前日の雨降りの影響が残る湿ったグラウンドと薄曇りの空。
砂埃は立たないし、日焼けの心配をすることもない、現実的な運動会日和の日だった。
スタート直前まで私に向かってニコニコと手を振る娘に、私も笑顔で手を振り返す。
いざ走り出すと、4人で走るかけっこで、娘は4位だった。
スタートが少し遅れてしまい、最初から最後まで前の子を抜くことができなかった。
最後まで力を緩めることなく走り切っていたし、笑顔でゴールしたように見えたので、親としてはそれで十分だった。
去年の保育園の運動会では、「やっぱり年長さんともなると頼もしいなぁ」なんて思っていたのに、小学校の校庭で上級生と並ぶとその小ささと幼さに驚いてしまう。
そんな子たちの競技なのだから、「何をしても可愛い」というフィルターがかかってしまうのは仕方ない。

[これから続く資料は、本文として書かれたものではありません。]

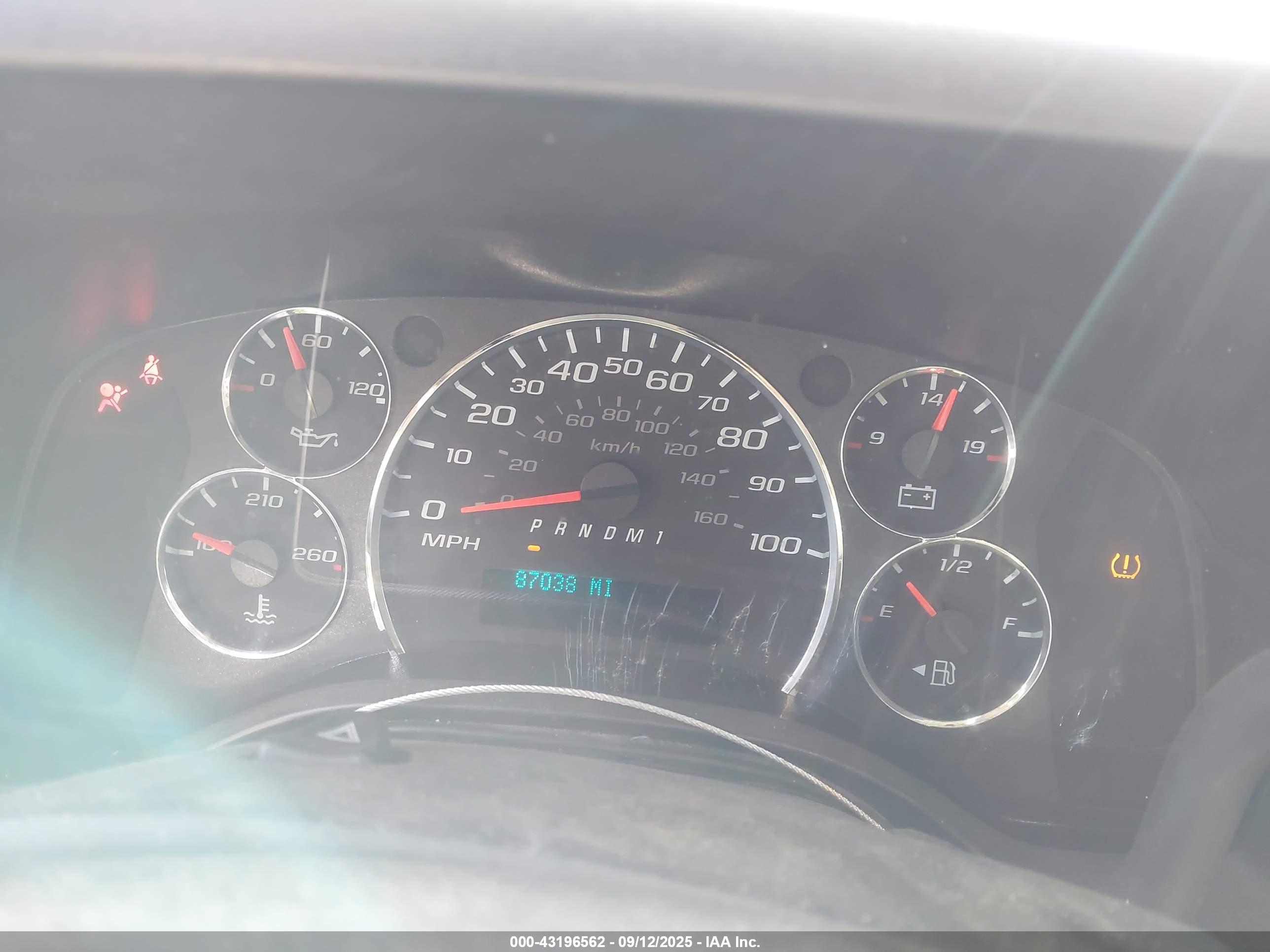 GMC SAVANA image 7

大玉と並走、もしくは勢い余って抜かしてしまうような大玉転がしも、蛍光グリーンの旗を両手に持って、飛び跳ねるように動く創作ダンスも、ただひたすらかわいらしく、鼻の奥がツンとしてしまう瞬間もあった。
だから私の脳内では、かけっこ4位は、「頑張った運動会の一要素」でしかなかった。
お風呂の中で娘は泣いた。
「悔しい」という言葉をまだ知らない娘は、自分のコトバであのときの感情を伝えてくれた。
お風呂の中で、水滴と涙が混ざり合った顔を自分の手でぬぐいながら、「がんばったのに…」と話してくれた。
私は反省した。
娘の感情をちゃんと汲み取ってあげられてなかった。
感情はのっぺりとした平面的な絵ではない。もっと立体的で複雑で、単色では表せないものだと、改めて気付かされた。
楽しい
悲しい
悔しい
嬉しい
そうやって一言で表現できる気持ちなんてないのに、自分のこの気持ちがどの言葉に当てはまるなんて、大人だってわからないことがあるのに。

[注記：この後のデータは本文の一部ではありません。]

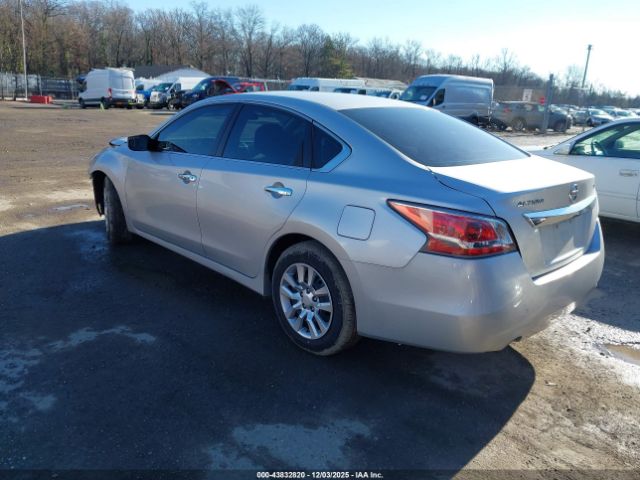 Nissan Altima Image 4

感情という絵の具は、ところどころで混ざり合ったり、濃淡があったり、上書きされたりする。
それをどんな風に感じ、捉えるのか。どんな風に表現するのかは、自分がどんな環境にいるか、どこにフォーカスするかで変わってくる。
それなのに私は「まぁ、かけっこでは4位だったけど、他は楽しそうだったし、いい運動会だったよね」という、ありがちな大人の見方で終わらせようとしていた。
たかが学校の運動会、たかが子どものかけっこだけど、まだ小さな世界で生きている娘にとっては、それが全てで大きな経験なのだ。
そのことに気づかせてくれたのは、「悔しい」という言葉を知らずとも、自分の気持ちを自分の語彙で伝えようとしてくれた娘の姿だった。
言いたいことや感情を吐き出して、気持ちが落ち着いてきたのか、うわずった声のトーンも通常モードに戻ってきた。
なんて声をかけようか考えて私はこう伝えた。
秋のせいか、少し乾燥してきた娘の背中を撫でる。
そう伝えると、娘はようやく口角を上げてくれた。
自分のコトバで自分の気持ちを伝えたい。それはきっと誰もが持っている切実な思い。
だからこそ、伝わったとき、受け止めてくれたとき、癒される。
癒されるから経験にできるし、次に進める。
そうやって、体験が感情を作り出し、言葉を学びながら、人は成長していくのだと思ってる。